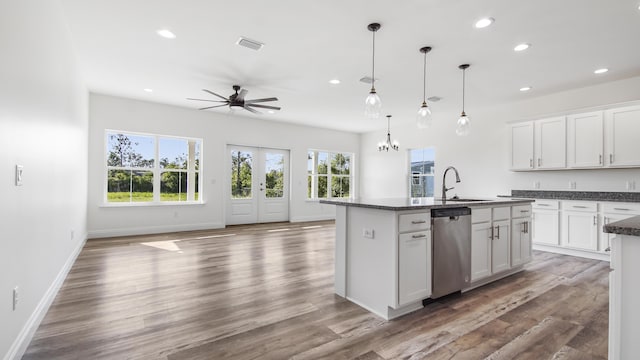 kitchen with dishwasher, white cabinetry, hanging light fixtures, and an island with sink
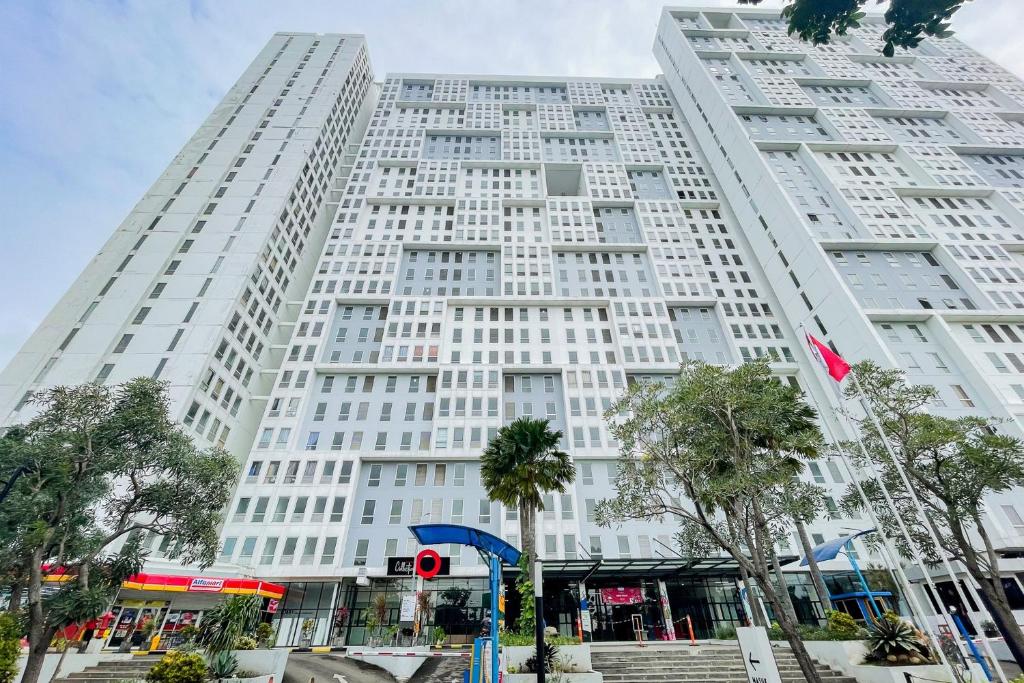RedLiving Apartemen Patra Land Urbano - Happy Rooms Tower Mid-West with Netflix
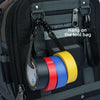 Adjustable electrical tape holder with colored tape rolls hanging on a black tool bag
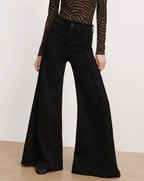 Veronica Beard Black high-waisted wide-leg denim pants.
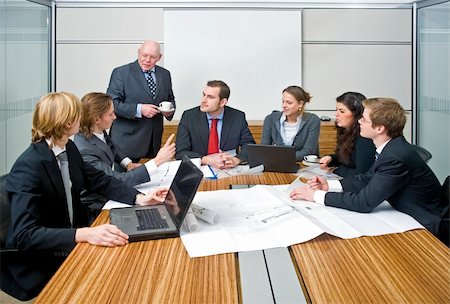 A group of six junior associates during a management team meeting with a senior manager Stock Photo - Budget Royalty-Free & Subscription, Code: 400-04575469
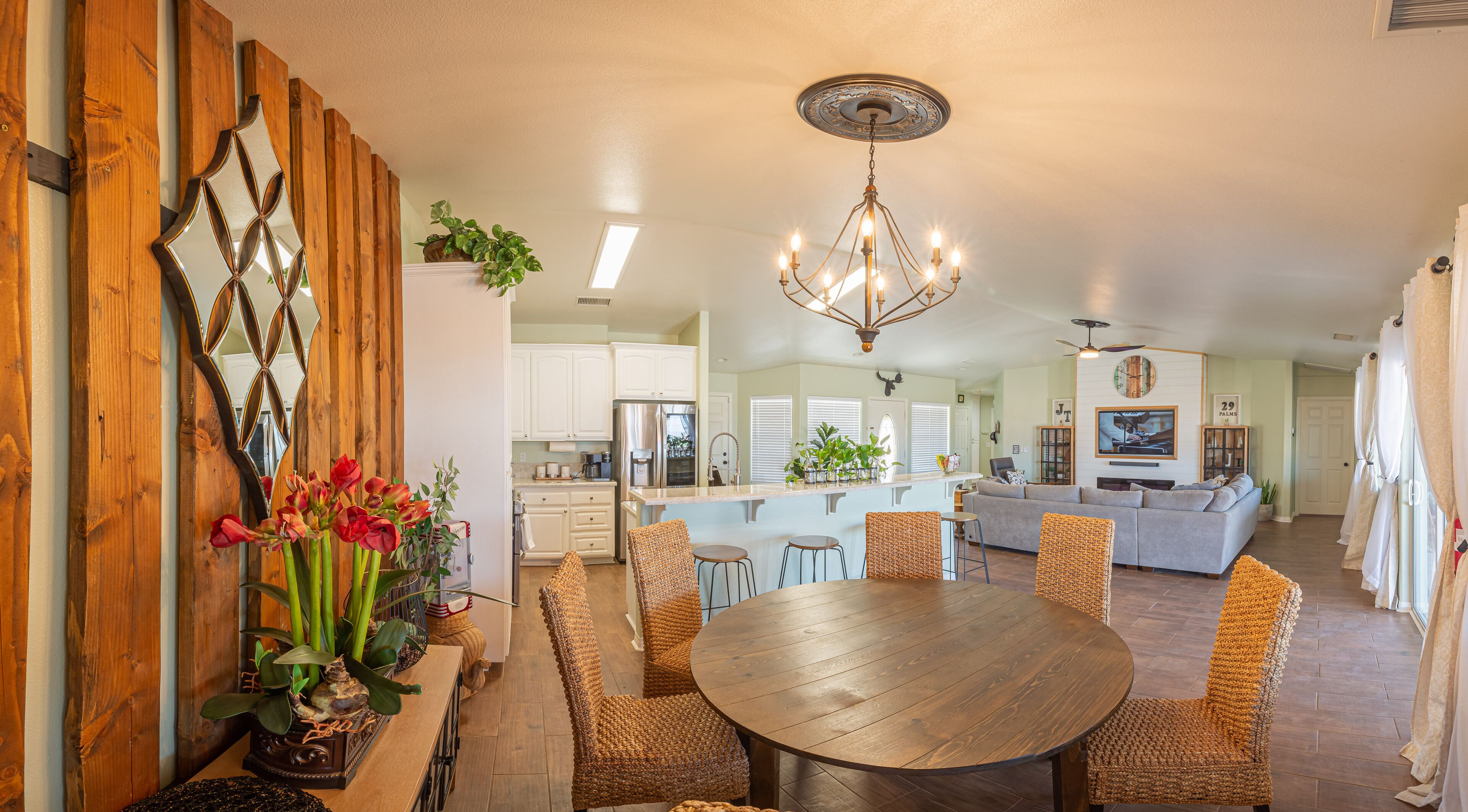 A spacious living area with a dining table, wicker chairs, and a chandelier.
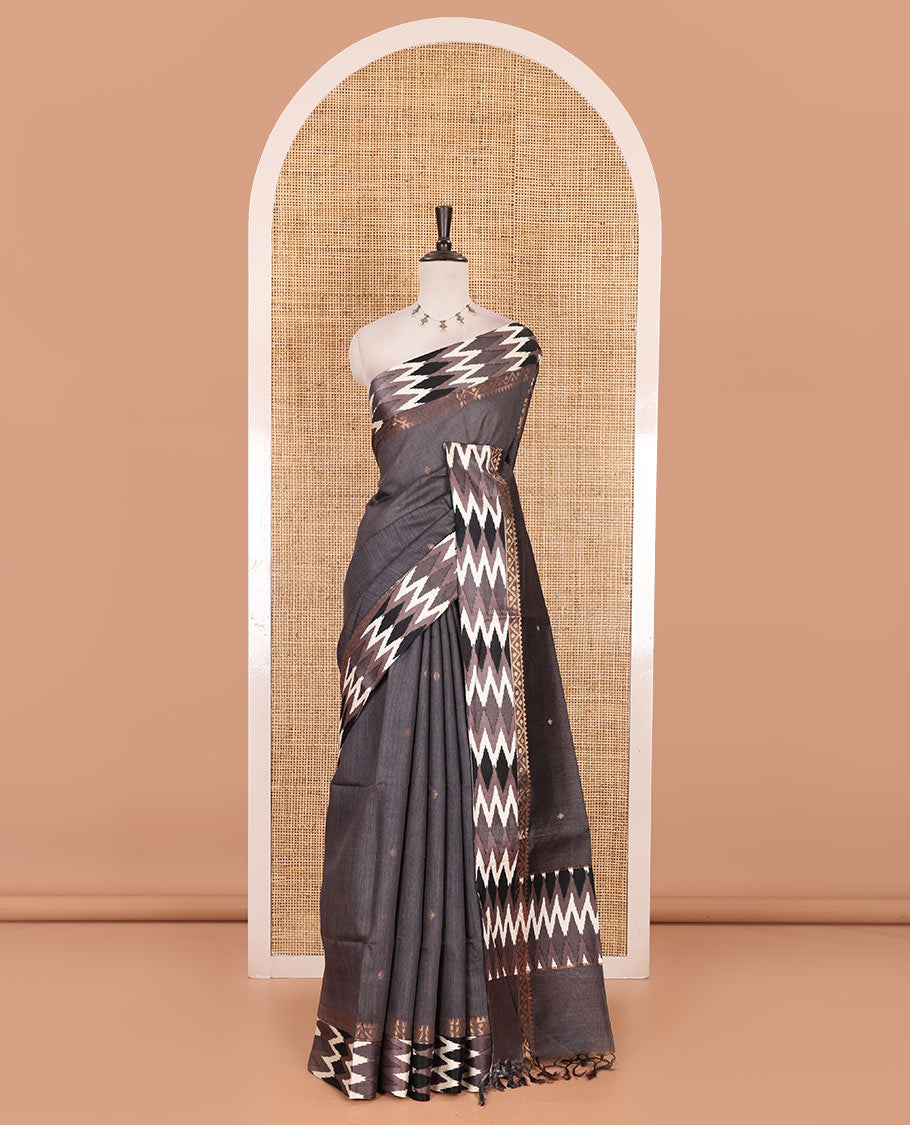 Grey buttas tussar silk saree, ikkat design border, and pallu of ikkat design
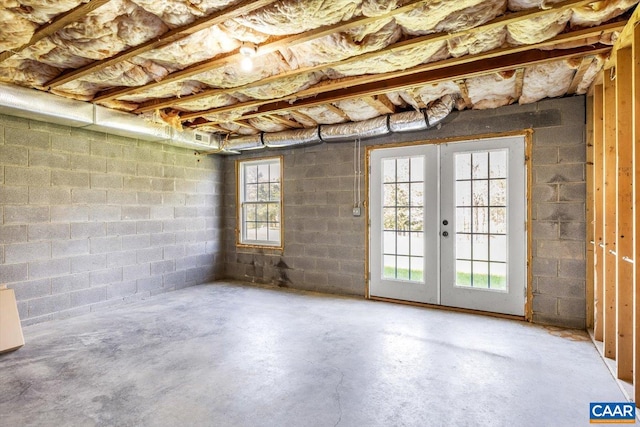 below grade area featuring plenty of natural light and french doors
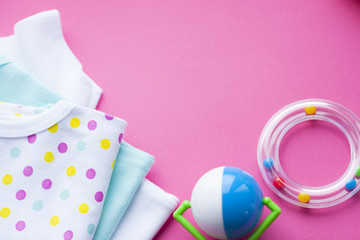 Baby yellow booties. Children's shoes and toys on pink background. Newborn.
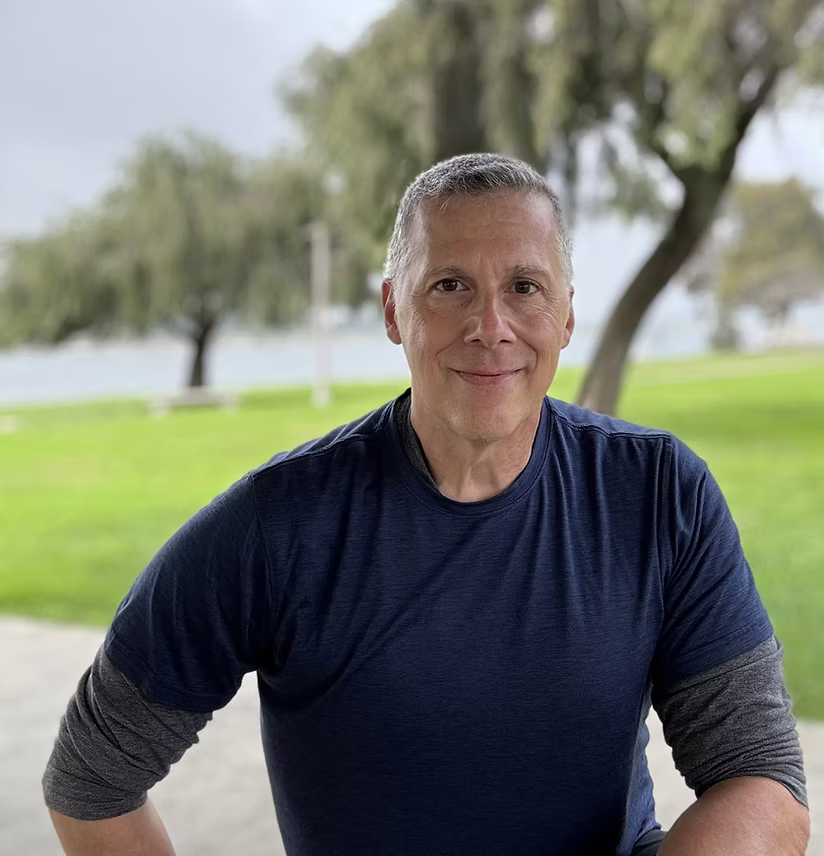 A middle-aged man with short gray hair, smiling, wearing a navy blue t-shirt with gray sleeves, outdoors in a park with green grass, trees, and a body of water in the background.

_ _ _

TASK TO CARRY OUT
Nothing but an exact copy belongs in the answer: the lines from the top of the records through the line containing "Veronica Beard Black", minus the pictures.

EXERCISE OUTPUT
 kitchen with dishwasher, white cabinetry, hanging light fixtures, and an island with sink
RedLiving Apartemen Patra Land Urbano - Happy Rooms Tower Mid-West with Netflix
 Adjustable electrical tape holder with colored tape rolls hanging on a black tool bag
 Veronica Beard Black high-waisted wide-leg denim pants.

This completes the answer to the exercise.